Case series: Maraviroc and pravastatin as a therapeutic option to treat long COVID/Post-acute sequelae of COVID (PASC) - PMC

Blocking the CCR5 receptor would theoretically help correct over-activation of the immune system.

In practice it doesn’t seem to work. It turns out that the leronlimab randomized controlled trial for Long COVID was a bust.

  • Cytodyn is the company that owns the rights to leronlimab. Cytodyn’s study of leronlimab on long COVID did not reach statistical significance (source: Cytodyn press release). Cytodyn claims that the trial was not designed to reach statistical significance and notes that the sample size was 56 patients. A larger trial would provide more evidence as to whether or not this drug (and perhaps CCR5 antagonists in general) is helpful.

To be fair, published papers from Patterson and colleagues argue that maraviroc (a different CCR5 antagonist) does work. A case series on patients found the following:

Subjective neurological, autonomic, respiratory, cardiac and fatigue symptoms scores all decreased which correlated with statistically significant decreases in vascular markers sCD40L and VEGF. These findings suggest that by interrupting the monocytic-endothelial-platelet axis, maraviroc and pravastatin may restore the immune dysregulation observed in PASC and could be potential therapeutic options.
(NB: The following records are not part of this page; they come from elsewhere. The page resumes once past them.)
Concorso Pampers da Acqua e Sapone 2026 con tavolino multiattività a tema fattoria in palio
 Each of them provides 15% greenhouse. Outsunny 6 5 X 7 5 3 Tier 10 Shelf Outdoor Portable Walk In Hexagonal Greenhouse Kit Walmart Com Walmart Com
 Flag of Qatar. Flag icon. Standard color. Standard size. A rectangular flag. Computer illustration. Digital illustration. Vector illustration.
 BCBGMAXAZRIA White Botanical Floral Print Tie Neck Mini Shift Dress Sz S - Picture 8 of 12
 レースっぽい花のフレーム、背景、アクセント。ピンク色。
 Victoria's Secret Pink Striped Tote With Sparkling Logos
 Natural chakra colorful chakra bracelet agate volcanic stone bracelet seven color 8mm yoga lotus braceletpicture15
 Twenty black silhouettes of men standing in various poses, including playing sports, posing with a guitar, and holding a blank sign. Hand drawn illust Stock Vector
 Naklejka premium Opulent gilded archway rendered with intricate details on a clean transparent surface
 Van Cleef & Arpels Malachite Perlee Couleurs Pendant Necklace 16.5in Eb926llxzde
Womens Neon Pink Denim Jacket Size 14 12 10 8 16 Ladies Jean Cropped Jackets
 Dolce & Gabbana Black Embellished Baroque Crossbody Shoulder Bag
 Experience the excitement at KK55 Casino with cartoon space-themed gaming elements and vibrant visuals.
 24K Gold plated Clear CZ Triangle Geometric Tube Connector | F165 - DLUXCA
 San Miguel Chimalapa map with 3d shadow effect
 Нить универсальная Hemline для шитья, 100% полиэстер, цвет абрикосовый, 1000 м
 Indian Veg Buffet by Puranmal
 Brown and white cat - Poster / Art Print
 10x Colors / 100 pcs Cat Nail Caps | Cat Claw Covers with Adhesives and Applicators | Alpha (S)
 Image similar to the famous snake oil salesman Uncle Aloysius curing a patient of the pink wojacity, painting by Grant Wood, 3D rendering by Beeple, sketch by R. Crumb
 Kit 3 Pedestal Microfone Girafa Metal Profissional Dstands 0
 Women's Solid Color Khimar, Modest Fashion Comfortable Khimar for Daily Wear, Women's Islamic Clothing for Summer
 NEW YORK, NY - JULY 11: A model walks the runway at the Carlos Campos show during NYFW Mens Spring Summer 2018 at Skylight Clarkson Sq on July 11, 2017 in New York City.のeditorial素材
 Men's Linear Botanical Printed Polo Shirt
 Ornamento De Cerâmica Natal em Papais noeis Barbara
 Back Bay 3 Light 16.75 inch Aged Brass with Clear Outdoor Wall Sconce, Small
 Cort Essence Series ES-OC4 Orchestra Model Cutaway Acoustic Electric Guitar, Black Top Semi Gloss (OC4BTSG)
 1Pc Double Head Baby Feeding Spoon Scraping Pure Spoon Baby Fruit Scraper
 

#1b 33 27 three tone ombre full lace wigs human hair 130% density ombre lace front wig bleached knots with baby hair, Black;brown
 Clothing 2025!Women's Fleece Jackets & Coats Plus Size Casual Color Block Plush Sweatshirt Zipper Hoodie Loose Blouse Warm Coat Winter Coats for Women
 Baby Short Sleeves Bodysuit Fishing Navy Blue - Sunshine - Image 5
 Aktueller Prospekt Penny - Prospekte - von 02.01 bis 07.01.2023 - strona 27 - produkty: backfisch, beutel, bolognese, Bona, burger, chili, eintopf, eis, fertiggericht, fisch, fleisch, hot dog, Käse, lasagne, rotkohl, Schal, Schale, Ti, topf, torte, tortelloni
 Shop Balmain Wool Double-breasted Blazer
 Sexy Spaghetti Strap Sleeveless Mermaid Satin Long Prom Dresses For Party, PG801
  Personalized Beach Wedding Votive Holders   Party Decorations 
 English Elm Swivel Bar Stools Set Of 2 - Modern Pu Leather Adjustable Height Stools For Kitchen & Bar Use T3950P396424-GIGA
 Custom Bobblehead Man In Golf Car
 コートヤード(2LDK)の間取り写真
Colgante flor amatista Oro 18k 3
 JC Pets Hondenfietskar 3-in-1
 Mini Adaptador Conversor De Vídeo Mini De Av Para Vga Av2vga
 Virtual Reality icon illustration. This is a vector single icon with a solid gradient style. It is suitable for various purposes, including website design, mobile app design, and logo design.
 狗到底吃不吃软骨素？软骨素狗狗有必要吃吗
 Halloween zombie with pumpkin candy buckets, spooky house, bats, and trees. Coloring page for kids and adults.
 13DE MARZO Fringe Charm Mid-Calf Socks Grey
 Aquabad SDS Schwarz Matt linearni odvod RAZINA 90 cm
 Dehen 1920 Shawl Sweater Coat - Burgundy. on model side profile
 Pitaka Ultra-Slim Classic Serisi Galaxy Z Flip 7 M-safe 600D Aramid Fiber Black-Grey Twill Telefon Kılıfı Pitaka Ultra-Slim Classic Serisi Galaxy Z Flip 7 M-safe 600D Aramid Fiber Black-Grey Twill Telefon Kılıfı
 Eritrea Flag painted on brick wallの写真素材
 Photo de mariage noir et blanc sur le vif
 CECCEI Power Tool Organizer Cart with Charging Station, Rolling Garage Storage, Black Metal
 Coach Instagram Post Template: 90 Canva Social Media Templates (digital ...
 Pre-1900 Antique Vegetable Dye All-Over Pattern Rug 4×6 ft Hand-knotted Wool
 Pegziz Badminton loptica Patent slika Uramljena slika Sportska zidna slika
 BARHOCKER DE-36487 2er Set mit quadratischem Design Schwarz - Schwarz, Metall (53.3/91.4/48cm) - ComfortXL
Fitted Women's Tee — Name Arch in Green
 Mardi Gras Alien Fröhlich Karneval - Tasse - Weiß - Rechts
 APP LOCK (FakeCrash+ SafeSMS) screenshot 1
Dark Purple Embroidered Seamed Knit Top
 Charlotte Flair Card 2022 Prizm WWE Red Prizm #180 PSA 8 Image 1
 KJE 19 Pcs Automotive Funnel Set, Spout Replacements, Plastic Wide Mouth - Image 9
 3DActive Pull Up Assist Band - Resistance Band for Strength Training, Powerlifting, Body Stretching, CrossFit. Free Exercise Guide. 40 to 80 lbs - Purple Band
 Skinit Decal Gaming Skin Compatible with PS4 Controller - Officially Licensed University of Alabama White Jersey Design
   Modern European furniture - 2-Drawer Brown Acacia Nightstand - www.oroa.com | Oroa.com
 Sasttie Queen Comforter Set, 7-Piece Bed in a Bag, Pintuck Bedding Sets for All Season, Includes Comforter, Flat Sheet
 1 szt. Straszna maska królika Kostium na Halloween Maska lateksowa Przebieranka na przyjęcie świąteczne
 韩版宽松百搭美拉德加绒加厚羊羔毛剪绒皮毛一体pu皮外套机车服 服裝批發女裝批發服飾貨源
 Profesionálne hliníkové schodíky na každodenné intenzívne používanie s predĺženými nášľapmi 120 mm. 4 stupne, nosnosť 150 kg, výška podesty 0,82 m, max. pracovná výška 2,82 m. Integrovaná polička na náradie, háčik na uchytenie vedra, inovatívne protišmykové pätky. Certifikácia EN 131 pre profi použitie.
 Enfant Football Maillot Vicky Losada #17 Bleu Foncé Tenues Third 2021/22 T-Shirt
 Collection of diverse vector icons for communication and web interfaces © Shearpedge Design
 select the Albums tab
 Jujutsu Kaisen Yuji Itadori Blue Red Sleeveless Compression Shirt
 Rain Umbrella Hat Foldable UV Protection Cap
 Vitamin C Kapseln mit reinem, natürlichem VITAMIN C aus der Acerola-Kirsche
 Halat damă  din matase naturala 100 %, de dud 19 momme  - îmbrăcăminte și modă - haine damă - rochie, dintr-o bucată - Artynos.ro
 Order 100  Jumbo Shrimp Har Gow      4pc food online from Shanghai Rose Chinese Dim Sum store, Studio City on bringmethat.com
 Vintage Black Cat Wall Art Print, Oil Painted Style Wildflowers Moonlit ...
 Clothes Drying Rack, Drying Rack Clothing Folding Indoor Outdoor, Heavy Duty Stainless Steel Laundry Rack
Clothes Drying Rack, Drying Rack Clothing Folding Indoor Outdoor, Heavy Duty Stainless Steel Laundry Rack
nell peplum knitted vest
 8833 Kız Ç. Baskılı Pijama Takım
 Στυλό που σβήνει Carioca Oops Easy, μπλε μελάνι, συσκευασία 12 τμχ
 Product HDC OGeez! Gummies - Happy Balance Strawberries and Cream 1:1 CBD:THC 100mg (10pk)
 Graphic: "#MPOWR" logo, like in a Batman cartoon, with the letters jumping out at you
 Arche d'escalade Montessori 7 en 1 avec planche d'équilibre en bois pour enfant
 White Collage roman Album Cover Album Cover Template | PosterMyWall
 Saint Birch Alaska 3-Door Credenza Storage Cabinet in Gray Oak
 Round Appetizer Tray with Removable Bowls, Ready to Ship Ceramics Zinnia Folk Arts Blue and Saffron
The study had a weak design so it wasn’t very reliable. For example, the patients were surveyed about their baseline status after-the-fact rather than before they started treatment. Because of how patients were recruited, there may be bias because the non-responders may not want to join the study and spend time on the phone going through validated questionnaires.

Also, Patterson’s company has been known to lie in public. The @IncellDx Twitter account spread a lie about an advocate (Ria Heslop) ( through a “joint” statement with Synlab, leading Synlab to issue its own independent statement ( The short story is that Patterson spread lies about Ria Heslop, a bereaved advocate, suggesting that she organized a blood draw event without IncellDX’s collaboration. The event would have had people get IncellDX-designed tests by having their blood shipped to Synlabs facilities. Because the IncellDX tweet was not factually accurate, Synlabs decided to issue their own non-joint statement that was factually accurate (though arguably very misleading).

Anyways… the point is that IncellDX lied. It is clear that their ‘joint statement’ tweet is contradicted by Synlabs’ tweet with their independent statement. So that’s one reason why you should view their scientific papers with skepticism.

“Precision” medicine

Patterson talks a lot about precision medicine, where test results would help guide clinicians in choosing how to treat patients. In practice, concierge doctors affiliated with IncellDX will prescribe/recommend maraviroc even if the CCL5/RANTES levels don’t call for it.

Survey data

Statins are one of the top treatments, although the response rate is very low like the other top treatments.

Nobody recovered on maraviroc, although the sample size was very low so the data doesn’t mean much. RCT data from the leronlimab clinical trial is more reliable and suggests that maraviroc doesn’t work.

The bottom line

Don’t waste your money. Unfortunately, because chronic illness is a Wild West right now, there’s very little accountability when it comes to people making bold claims. Very few people are calling out IncellDX for their lie on Twitter.

But at the end of the day… people are suffering. And it would be a huge disservice to those suffering to stay silent. So… no more silence. Let’s just start speaking the truth and looking out for one another.